Suite à l’échec de la première mission, les candidats sont moins nombreux pour cette deuxième tentative. André choisit cette fois Fraenkel, ingénieur et athlète, pour remplacer Ekholm. Le 11 juillet 1897, le ballon décolle à nouveau. Dès les premières minutes du voyage, les explorateurs sont contraints de lâcher plus de lest que prévu pour permettre au ballon de bien s’envoler. L’aérostat devient donc bien moins manoeuvrable et ressemble davantage à une simple montgolfière, soumise aux caprices du vent. Le journal d’Andrée décrit un ballon mal équilibré pendant l’expédition, qui navigue trop haut et perd trop d’hydrogène. Il est trempé par les pluies et alourdi. Toutes les charges utiles ainsi que le sable ont dû être jetés pour que le ballon puisse se stabiliser.

Après un vol plutôt réussi d’une durée de 10h29, l’expédition subit un voyage chaotique de plus de 41h pendant lequel le ballon touche fréquemment le sol avant son atterrissage final, … à 750 km du pôle Nord ! Pendant les deux jours de vol, aucun des trois explorateurs n’a pu dormir. L’équipement et les instruments techniques sont en état de marche. L’équipage n’a cependant pas cru bon de tenir compte des méthodes utilisées par les habitants de régions similaires pour s’adapter aux conditions de vie extrêmes de cette région. Les traineaux sont lourds à tirer, surchargés de provisions et vivres peu adaptés à ce type de déplacement, leurs tenues ne sont pas aussi chaudes que les fourrures des Inuits, … Les traîneaux finissent pas se briser. Les hommes sont contraints à chasser pour se nourrir : phoques, morses et ours polaires deviennent les cibles des hommes. Les glaces font dériver les explorateurs, les bloquant dans leur expédition tandis que les vents les gênent dans leur progression. Au fur et à mesure de leur avancée, le journal d’Andrée devient plus incohérent et finit par se taire.
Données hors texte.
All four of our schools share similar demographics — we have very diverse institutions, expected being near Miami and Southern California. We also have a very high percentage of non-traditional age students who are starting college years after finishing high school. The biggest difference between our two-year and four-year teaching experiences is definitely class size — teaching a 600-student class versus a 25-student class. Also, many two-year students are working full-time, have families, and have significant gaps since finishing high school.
Les dernières pages laissent penser que les trois explorateurs décèdent, coincés sur un désert au Svalbard.

La mort des explorateurs

Pendant les trente-trois années suivant la disparition des explorateurs, le destin de l’expédition devient une légende en Suède. Les squelettes d’Andrée et Strindberg ne seront retrouvés qu’en 1930 ! Le corps de Strindberg est retrouvé dans une crevasse, recouvert de glace et de roches. Andrée est mort sur le rocher situé au-dessus de leur tente. Matériels et équipements sont aussi retrouvés par l’équipage. On retrouvera le corps de Fraenkel un mois plus tard dans les débris de la tente. Leurs photos sont aussi retrouvées et permettent de retracer la tragique histoire de l’expédition loupée. Si l’origine de leur mort reste incertaine, on pense que les trois explorateurs sont morts d’une intoxication à la botulique. Les trois hommes semblent en effet avoir été surpris par la mort. Les toxines botuliques sont fréquentes en Arctique, elle est présente dans la peau des mammifères et entraîne la mort dans les 24 à 36h suivant l’ingestion de la viande sans prise de traitement adapté. Cette toxine est l’une des plus puissantes dans la nature.
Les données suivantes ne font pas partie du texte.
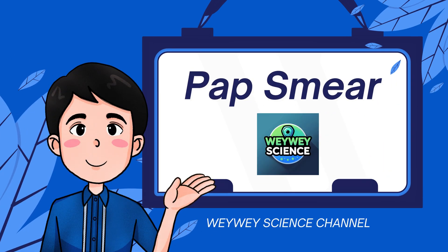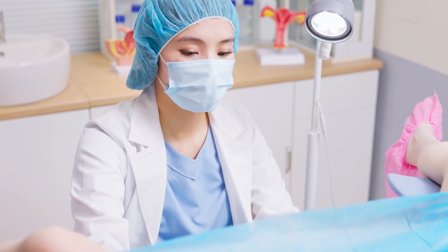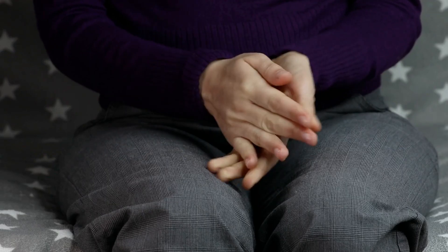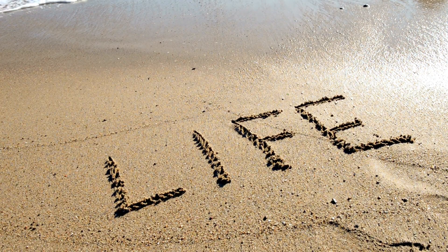Pap smear. You've probably heard of it before, but what exactly is it? And why do doctors recommend it for women's health? Today, let's break down everything you need to know about the pap smear test in a clear and simple way. Many people feel nervous about this test, but the truth is, pap smears save lives.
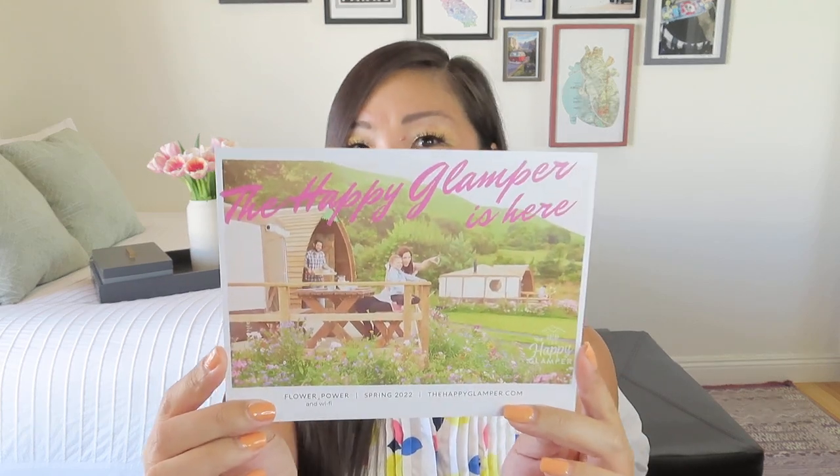I'm opening it up now. Their product card is always cute because they take a lot of effort to make it look like a postcard. It looks like our theme for this month is flower power, but it also has a little arrow that says flower and Wi-Fi power, which is kind of cute — because that's an example of we like to get outdoors but we also have to gram the experience. This is their spring 2022 box.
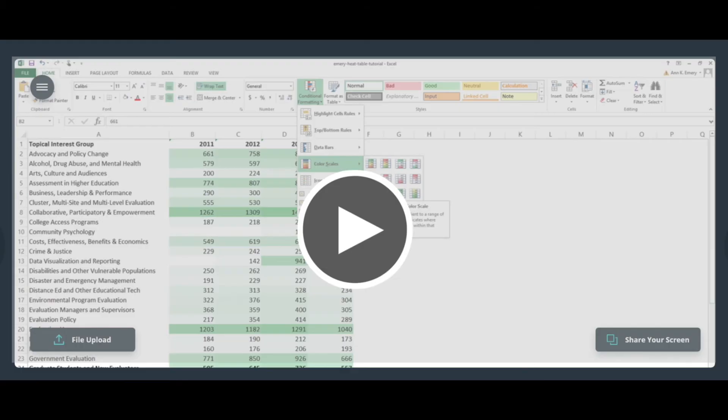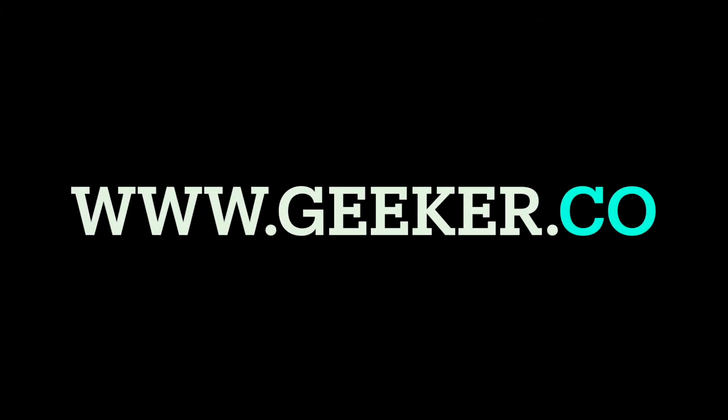You can replay your video recorded session anytime you want. We'll send you the full recording for future reference, so if you ever encounter that issue again, you can confidently tackle it yourself. Head on over now to www.geeker.co today and let one of our geeks quickly resolve your software and IT issues.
On sait aujourd’hui que l’expédition d’Andrée n’aurait pas pu réussir, même avec un ballon en parfait état. Les conditions météo étaient trop défavorables. En 1897, Andrée ne disposait cependant pas de toutes les informations pour le savoir et mener à bien son expédition. Le ballon est un moyen de transport très dépendant des conditions météo et difficile à diriger. Le pôle Nord géographique sera survolé pour la première fois en 1926 à bord d’un dirigeable et il faudra attendre mai 2000 pour que le premier ballon atteigne le pôle Nord !

Et si cette aventure vous intéresse, vous pouvez lire le roman à succès de Per Olof ‘Le voyage de l’ingénieur Andrée’, publié en 1967, roman ensuite adapté en film en 1982 par Jan Troell sous le nom ‘Le Vol de l’Aigle’.